Acordou horas depois, sentindo sua cabeça latejar ainda mais, se era possível. Ouviu as vozes do irmão e do pai e ficou tranquilo ao saber que ainda estavam ali.

— Minha cabeça toda hora dói mais. — Falou alto e fez os dois pararem a conversa e perceber que Micael estava novamente acordado. — Mas que inferno. — Praguejou.

— Vai passar meu filho, como você está? — Parecia uma pergunta retórica, afinal, se via de longe que estava péssimo.

— Estou todo quebrado e viúvo aos vinte e cinco anos. Estou ótimo. — Debochou e ouviu um suspiro do pai. Foi só voltar a pensar em Luiza que ficou desnorteado mais uma vez e as lágrimas voltaram aos seus olhos. — Como vou viver sem ela? Como vou cuidar do Felipe sozinho? — Perguntou em meio às lágrimas.

— Ninguém vai te deixar sozinho agora e em nenhum momento, você sabe que pode contar com a gente pro que for. — Marlon tentou confortar o irmão, mas sabia que nada o que ele diria era o que Micael queria ouvir.

— Quanto tempo eu fiquei apagado? — Perguntou um tanto curioso.

— Eles te doparam desde o acidente até a última vez que você acordou que devia ser umas cinco horas da tarde. — Jorge fez uma pausa e então completou. — Hoje é quinta, você estava apagado desde domingo a noite.

— Sério que eu fiquei isso tudo apagado? — Arregalou os olhos e em seguida voltou ao normal pra fazer a pergunta mais dolorida que poderia ter feito. — Quando será o velório da Luiza?

— Já aconteceu, tudo foi muito rápido, irmão. — Marlon disse sabendo que mais uma vez Micael ficaria mal ao saber daquilo. — Foi no dia seguinte ao acidente, Branca autorizou o enterro e você ainda estava dopado.

— Ela não tinha direito de fazer isso! Eu sou marido da Luiza, quem devia autorizar sou eu. Não é junto que eu não tenha tido chance de me despedir dela por egoísmo da Branca.

— Não fala assim, eu sei que você está sofrendo, mas são os pais dela, acabaram de perder uma filha querida, não dá pra chamar de egoísta. — Jorge defendeu. — Tudo foi rápido porque...

— Por que o quê? — Encarou o pai esperando aquela resposta.

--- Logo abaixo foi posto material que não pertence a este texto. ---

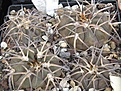 Нажмите на изображение для увеличения.

Название:	082 Gymnocalycium spegazzinii VS 120 (P3226).JPG
Просмотров:	618
Размер:	61.1 Кб
ID:	465190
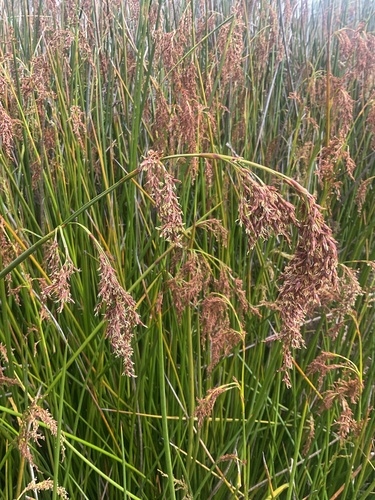 Machaerina articulata observed 2026-10-22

— O enterro foi com caixão lacrado, Micael. — Marlon quem completou a fala do pai. — A colisão foi bem do lado que ela estava sentada. Não nos deixaram ver a Luiza, ninguém viu.

— Foi tão horrível assim? — As lágrimas insistentes já estavam lá novamente, dessa vez com muita culpa. — Tinha que ser eu, não ela. Felipe ia estar bem melhor se ela estivesse viva e eu não.

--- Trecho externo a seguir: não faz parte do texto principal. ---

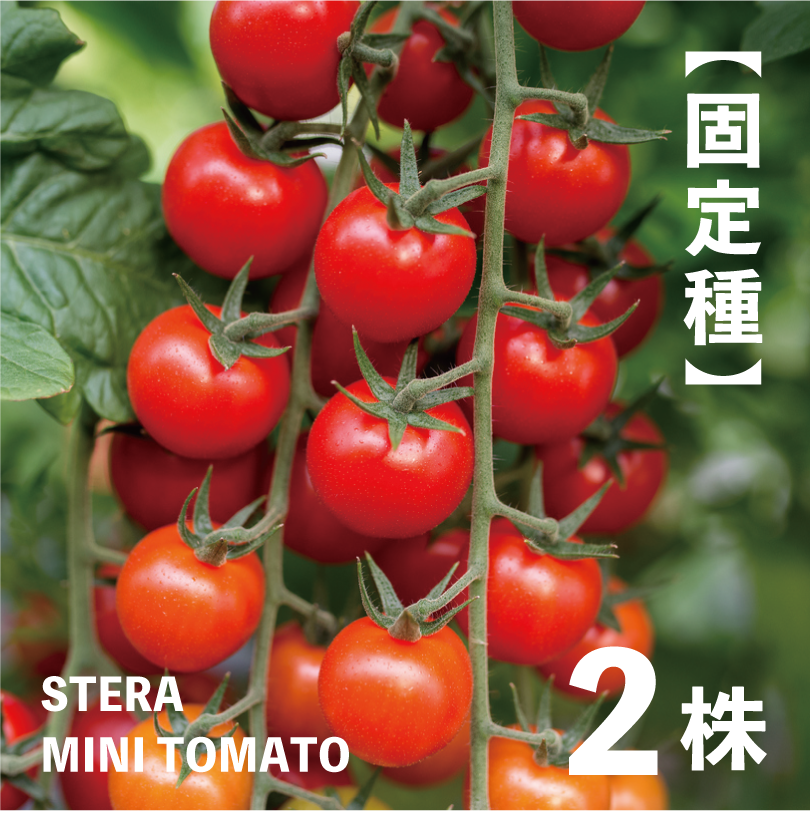 固定種　ステラミニトマトの苗✖︎100本 ステラミニトマトの苗・2株【ミニトマト／野菜の苗／無農薬／農薬不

— Para de falar besteira! Você foi outra vítima desse acidente, se alguém tem culpa, é o miserável que bebeu e foi dirigir, o cara avançou o sinal! — Jorge voltou a colocar a mão no ombro do filho, já que não tinha como lhe dar um abraço.

— É mano, vocês só tiveram a sorte que ela não teve, não pode se culpar por isso, e sim aproveitar a sua segunda chance, digo, você nasceu de novo!

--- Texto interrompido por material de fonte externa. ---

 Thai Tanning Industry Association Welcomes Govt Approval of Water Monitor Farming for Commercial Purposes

— Cara, eu não acredito nisso ainda... — Resmungou enquanto olhava pro teto, demoraria a acreditar que aquilo era real. Mais lágrimas escorreram pelo rosto de Micael ao tentar novamente assimilar aquilo, era impossível. O silêncio perdurou pelo quarto e estava confortável pra ele assim.

Por debaixo da cortina de lágrimas, viu Sophia entrar no quarto vestindo preto, como era de se esperar. A mulher tinha Felipe nos braços e Micael observou bastante o filho e o braço engessado. Teve ainda mais vontade de chorar.